Problem to work on
In the records below, copy the line that contains "Goth Face Floral" and each line after it, word for word, through the last.

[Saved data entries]
BEGIN
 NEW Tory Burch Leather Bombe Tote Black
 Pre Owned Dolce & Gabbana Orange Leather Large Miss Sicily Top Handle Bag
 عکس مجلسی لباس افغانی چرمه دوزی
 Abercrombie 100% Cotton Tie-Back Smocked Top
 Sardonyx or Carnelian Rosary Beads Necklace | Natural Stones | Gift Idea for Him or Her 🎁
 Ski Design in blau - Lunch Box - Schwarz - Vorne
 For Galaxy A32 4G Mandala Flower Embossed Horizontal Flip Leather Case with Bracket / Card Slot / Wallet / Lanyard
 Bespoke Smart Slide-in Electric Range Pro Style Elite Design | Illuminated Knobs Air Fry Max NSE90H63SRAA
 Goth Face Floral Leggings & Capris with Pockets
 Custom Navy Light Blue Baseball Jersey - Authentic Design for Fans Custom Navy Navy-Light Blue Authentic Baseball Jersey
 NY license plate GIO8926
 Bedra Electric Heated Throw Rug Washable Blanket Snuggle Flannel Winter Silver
END
Exercise solution
 Goth Face Floral Leggings & Capris with Pockets
 Custom Navy Light Blue Baseball Jersey - Authentic Design for Fans Custom Navy Navy-Light Blue Authentic Baseball Jersey
 NY license plate GIO8926
 Bedra Electric Heated Throw Rug Washable Blanket Snuggle Flannel Winter Silver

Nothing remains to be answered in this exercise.